A few years ago research was done on a tribe in America which is called the Pima tribe (also known as the Pima Indians). In this tribe, it was found that the ladies are prone to diabetes very early. Several constraints were placed on the selection of these instances from a larger database. In particular, all patients were females at least 21 years old of Pima Indian heritage.
Objective
Here, we are analyzing different aspects of Diabetes in the Pima Indians tribe by doing Exploratory Data Analysis.
Data Dictionary
The dataset has the following information:
- Pregnancies: Number of times pregnant
- Glucose: Plasma glucose concentration over 2 hours in an oral glucose tolerance test
- BloodPressure: Diastolic blood pressure (mm Hg)
- SkinThickness: Triceps skin fold thickness (mm)
- Insulin: 2-Hour serum insulin (mu U/ml)
- BMI: Body mass index (weight in kg/(height in m)^2)
- DiabetesPedigreeFunction: A function that scores the likelihood of diabetes based on family history.
- Age: Age in years
- Outcome: Class variable (0: a person is not diabetic or 1: a person is diabetic)
Q 1: Import the necessary libraries and briefly explain the use of each library (3 Marks)

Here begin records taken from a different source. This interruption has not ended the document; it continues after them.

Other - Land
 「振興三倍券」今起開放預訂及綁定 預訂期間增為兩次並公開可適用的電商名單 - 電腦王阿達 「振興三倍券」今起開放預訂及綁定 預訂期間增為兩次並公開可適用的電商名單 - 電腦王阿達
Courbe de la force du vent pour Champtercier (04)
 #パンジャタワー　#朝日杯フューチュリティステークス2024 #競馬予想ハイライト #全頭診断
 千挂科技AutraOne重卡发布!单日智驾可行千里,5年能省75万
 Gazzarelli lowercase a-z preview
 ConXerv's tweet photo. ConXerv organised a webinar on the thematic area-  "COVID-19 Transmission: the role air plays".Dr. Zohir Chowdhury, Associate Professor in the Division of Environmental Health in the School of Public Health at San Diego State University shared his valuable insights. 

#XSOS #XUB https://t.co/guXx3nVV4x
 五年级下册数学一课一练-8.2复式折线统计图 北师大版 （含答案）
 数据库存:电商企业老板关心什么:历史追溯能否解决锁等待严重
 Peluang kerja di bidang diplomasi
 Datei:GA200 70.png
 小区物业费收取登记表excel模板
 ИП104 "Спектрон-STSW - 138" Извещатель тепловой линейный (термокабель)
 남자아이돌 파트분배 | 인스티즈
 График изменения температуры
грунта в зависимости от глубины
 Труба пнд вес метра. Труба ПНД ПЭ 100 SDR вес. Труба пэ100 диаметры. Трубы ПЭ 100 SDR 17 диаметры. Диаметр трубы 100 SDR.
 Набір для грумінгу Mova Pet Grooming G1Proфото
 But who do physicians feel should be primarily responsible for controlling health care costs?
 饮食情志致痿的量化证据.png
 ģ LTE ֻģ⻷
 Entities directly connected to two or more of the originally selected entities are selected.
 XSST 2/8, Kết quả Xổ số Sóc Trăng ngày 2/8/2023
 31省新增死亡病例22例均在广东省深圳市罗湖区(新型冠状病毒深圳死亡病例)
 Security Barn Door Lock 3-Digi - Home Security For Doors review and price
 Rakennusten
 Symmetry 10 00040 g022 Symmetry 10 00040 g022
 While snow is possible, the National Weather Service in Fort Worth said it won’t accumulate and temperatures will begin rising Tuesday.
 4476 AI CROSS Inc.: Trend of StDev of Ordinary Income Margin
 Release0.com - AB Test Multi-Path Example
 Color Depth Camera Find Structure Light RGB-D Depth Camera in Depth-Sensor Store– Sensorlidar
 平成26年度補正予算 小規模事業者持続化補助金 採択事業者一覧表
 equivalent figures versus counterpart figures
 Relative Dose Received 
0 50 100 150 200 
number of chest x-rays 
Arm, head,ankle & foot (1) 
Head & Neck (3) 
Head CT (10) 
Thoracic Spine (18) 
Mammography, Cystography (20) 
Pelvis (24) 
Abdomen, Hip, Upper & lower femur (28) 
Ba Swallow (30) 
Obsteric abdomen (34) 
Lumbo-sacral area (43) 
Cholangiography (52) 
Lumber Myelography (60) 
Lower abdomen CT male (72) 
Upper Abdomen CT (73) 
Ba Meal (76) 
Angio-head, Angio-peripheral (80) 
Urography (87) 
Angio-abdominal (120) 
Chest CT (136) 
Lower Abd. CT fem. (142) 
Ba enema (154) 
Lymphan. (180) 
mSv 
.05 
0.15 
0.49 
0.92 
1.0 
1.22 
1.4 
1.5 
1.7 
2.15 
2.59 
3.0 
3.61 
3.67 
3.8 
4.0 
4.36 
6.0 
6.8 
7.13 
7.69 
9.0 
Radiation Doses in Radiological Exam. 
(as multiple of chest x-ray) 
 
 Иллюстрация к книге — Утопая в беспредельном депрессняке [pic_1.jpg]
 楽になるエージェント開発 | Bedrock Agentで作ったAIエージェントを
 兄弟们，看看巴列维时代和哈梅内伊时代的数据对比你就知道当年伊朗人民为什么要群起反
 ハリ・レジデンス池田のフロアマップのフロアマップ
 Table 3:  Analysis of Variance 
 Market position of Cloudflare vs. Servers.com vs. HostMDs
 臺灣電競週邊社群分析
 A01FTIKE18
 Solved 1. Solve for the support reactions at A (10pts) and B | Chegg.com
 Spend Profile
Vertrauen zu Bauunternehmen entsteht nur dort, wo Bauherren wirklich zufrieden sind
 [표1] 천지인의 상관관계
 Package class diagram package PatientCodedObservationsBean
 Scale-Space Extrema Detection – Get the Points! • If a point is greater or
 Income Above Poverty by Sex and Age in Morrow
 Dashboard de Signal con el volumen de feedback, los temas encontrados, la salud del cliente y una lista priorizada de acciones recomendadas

# remove _____ & write the appropriate library name
import numpy as np
import pandas as pd
import seaborn as sns
import matplotlib.pyplot as plt
%matplotlib inline
Write your Answer here:
Ans 1: Numpy is a library used for mathematical operations with arrays and matrices. Pandas is a library used to extract, manipulate and clean dataframes (datasets). Matplotlib is MATLAB-based library used to visualize data. Seaborn is also a library used for visualization with more elaborated tools compare to Matplotlib.
Q 2: Read the given dataset (1 Mark)
# remove _____ & write the appropriate function name
pima = pd.read_csv("diabetes.csv")
Q3. Show the last 10 records of the dataset. How many columns are there? (1 Mark)
# remove ______ and write the appropriate number in the function
pima.tail(10)
Pregnancies | Glucose | BloodPressure | SkinThickness | Insulin | BMI | DiabetesPedigreeFunction | Age | Outcome | |
---|---|---|---|---|---|---|---|---|---|
758 | 1 | 106 | 76 | 20 | 79 | 37.5 | 0.197 | 26 | 0 |
759 | 6 | 190 | 92 | 20 | 79 | 35.5 | 0.278 | 66 | 1 |
760 | 2 | 88 | 58 | 26 | 16 | 28.4 | 0.766 | 22 | 0 |
761 | 9 | 170 | 74 | 31 | 79 | 44.0 | 0.403 | 43 | 1 |
762 | 9 | 89 | 62 | 20 | 79 | 22.5 | 0.142 | 33 | 0 |
763 | 10 | 101 | 76 | 48 | 180 | 32.9 | 0.171 | 63 | 0 |
764 | 2 | 122 | 70 | 27 | 79 | 36.8 | 0.340 | 27 | 0 |
765 | 5 | 121 | 72 | 23 | 112 | 26.2 | 0.245 | 30 | 0 |
766 | 1 | 126 | 60 | 20 | 79 | 30.1 | 0.349 | 47 | 1 |
767 | 1 | 93 | 70 | 31 | 79 | 30.4 | 0.315 | 23 | 0 |
Write your Answer here:
Ans 3: 9 columns
Q4. Show the first 10 records of the dataset (1 Mark)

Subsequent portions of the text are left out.